Dans la rue, elle a appris à se protéger : marcher avec son sac à dos, dormir chaque nuit dans un endroit différent, éviter les routines. Mais cela ne fonctionnait pas toujours.
« Un jour, je me suis endormie sur un escalier, pensant que personne ne me trouverait. Je me suis réveillée avec un homme sur moi. J’ai réussi à le repousser. Je me suis enfuie de peur qu’il me poursuive », se souvient-elle.
Sa tente a été détruite, elle a été menacée avec un couteau. « Être une femme dans la rue est une fragilité et une difficulté supplémentaires », résume-t-elle.
Margarida Bolhão, 55 ans, a vécu plus de 15 ans à la rue. Aujourd’hui, elle est accueillie par la Cruz Vermelha Portuguesa (CVP), mais se rappelle bien la peur constante d’être violée.
Elle portait toujours son sac à dos pour ne pas être volée, l’utilisant comme oreiller la nuit. « Je cherchais la compagnie des hommes uniquement pour une sensation de protection ».
Teresa Prata, assistante sociale de la Comunidade Vida e Paz, affirme que « les femmes sont plus vulnérables à tous les types de violence ». Nombreuses sont celles qui se joignent à des groupes ou à des compagnons pour se protéger, même dans des contextes de dépendance émotionnelle ou d’abus.
Ana (nom fictif), 36 ans, vit dans une tente sous un viaduc depuis un an et demi. Elle a fui une relation de 17 ans marquée par des agressions. Son fils vit avec son père, sa fille avec un oncle. « Je mange avec les rats, je dors avec les rats », décrit-elle. Les jours où elle a ses règles, elle se lave avec des bidons derrière un mur.
« Je n’ai pas toujours de serviettes [hygiéniques]. Parfois, j’utilise des sous-vêtements ou des chaussettes », raconte-t-elle.
Elle veut retrouver la vie avec ses enfants mais craint que, si elle admet sa situation, ses enfants soient institutionnalisés. Sans revenus, elle ne peut ni payer une chambre ni chercher du travail.
Luísa Gomes, 57 ans, a été sans abri pendant 15 ans. Elle se souvient de la honte qu’elle ressentait pendant son temps passé à dormir dans la rue et se sentir exposée devant les personnes qui passaient. Elle se rappelle aussi des « grandes hémorragies » lors de ses menstruations, l’obligeant à aller se laver à une fontaine.
« Je me suis retrouvée à aller au supermarché, avec le sang presque coulant le long de mes jambes, pour voler une serviette [hygiénique] parce que je n’en avais pas », se souvient-elle. Après des années de prostitution, elle a décidé de changer de vie en confiant son quatrième enfant à l’adoption. Aujourd’hui, elle vit avec le soutien de l’association CRESCER, dans le programme Housing First.
Cristiana Merendeiro, neuropsychologue et coordinatrice à CRESCER, indique que « environ 30 % des personnes en situation de sans-abri sont des femmes », âgées en moyenne de 40 à 45 ans. Mais elle note une augmentation des jeunes femmes ayant des antécédents sévères de violence domestique.

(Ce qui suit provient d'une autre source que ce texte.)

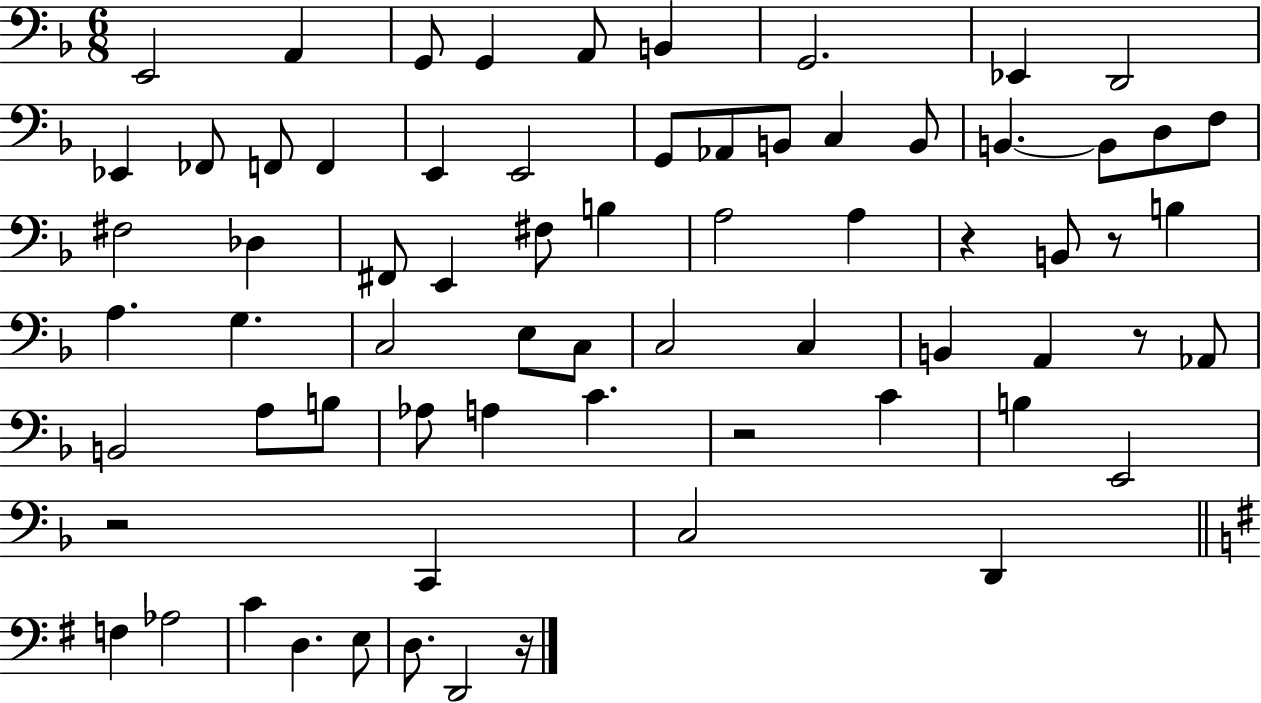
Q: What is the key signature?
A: F major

« Ce sont des femmes avec des traumatismes brutaux, avec une santé mentale fragilisée », affirme-t-elle. Nombreuses évitent les équipes de rue pour se protéger, se cachant ou ne se sentant en sécurité qu’en couple.

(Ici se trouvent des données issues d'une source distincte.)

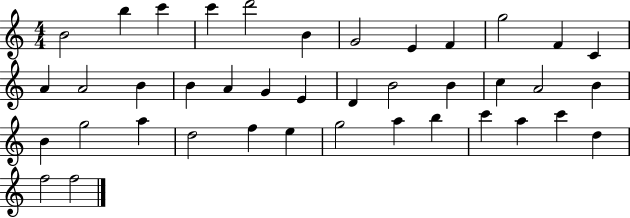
X:1
T:Untitled
M:4/4
L:1/4
K:C
B2 b c' c' d'2 B G2 E F g2 F C A A2 B B A G E D B2 B c A2 B B g2 a d2 f e g2 a b c' a c' d f2 f2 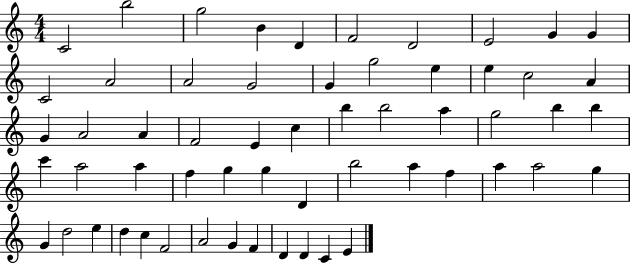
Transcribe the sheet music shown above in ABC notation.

X:1
T:Untitled
M:4/4
L:1/4
K:C
C2 b2 g2 B D F2 D2 E2 G G C2 A2 A2 G2 G g2 e e c2 A G A2 A F2 E c b b2 a g2 b b c' a2 a f g g D b2 a f a a2 g G d2 e d c F2 A2 G F D D C E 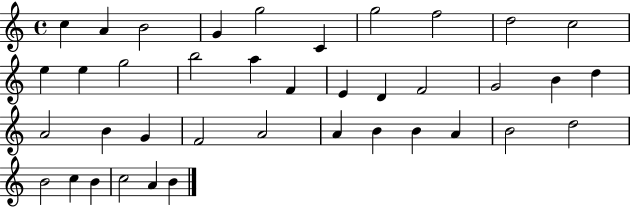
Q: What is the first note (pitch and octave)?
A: C5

Elle critique la réponse institutionnelle qui, face à des mères sans-abri, opte pour la séparation des enfants. « C’est extrêmement traumatisant pour les enfants et destructeur pour les familles ».

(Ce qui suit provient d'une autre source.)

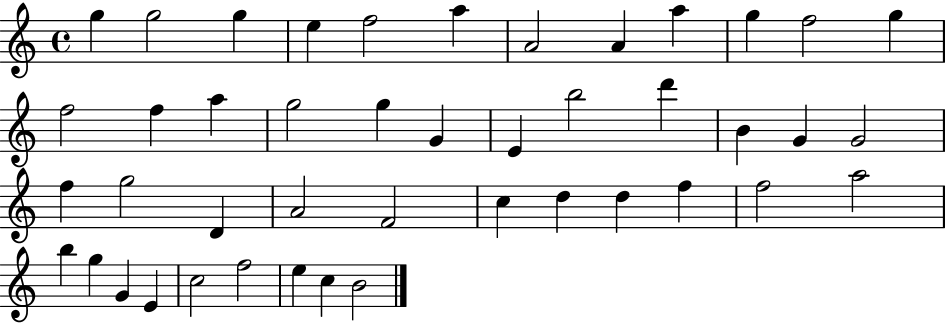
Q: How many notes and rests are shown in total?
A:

Maria Madalena Ramalho, vice-présidente de la Cruz Vermelha, confirme que le nombre de femmes en situation de sans-abri soutenues par l’institution a augmenté. Au cours des deux dernières années, le nombre total de personnes soutenues par la CVP a augmenté de 126%.
« Le phénomène se dirige vers la parité », dit-elle, citant des causes telles que la crise économique, le vieillissement de la population et l’augmentation des familles monoparentales – la majorité composée de femmes avec enfants.
Elle admet que la situation s’aggrave avec la hausse du coût du logement, non accompagnée par l’augmentation des salaires.
Selon l’Enquête de Caractérisation des Personnes en Situation de Sans-Abri, au 31 décembre 2023, il y avait 13 128 personnes dans cette situation, dont 4 871 dans la zone métropolitaine de Lisbonne. Un chiffre en croissance – dans lequel les femmes sont de moins en moins une exception.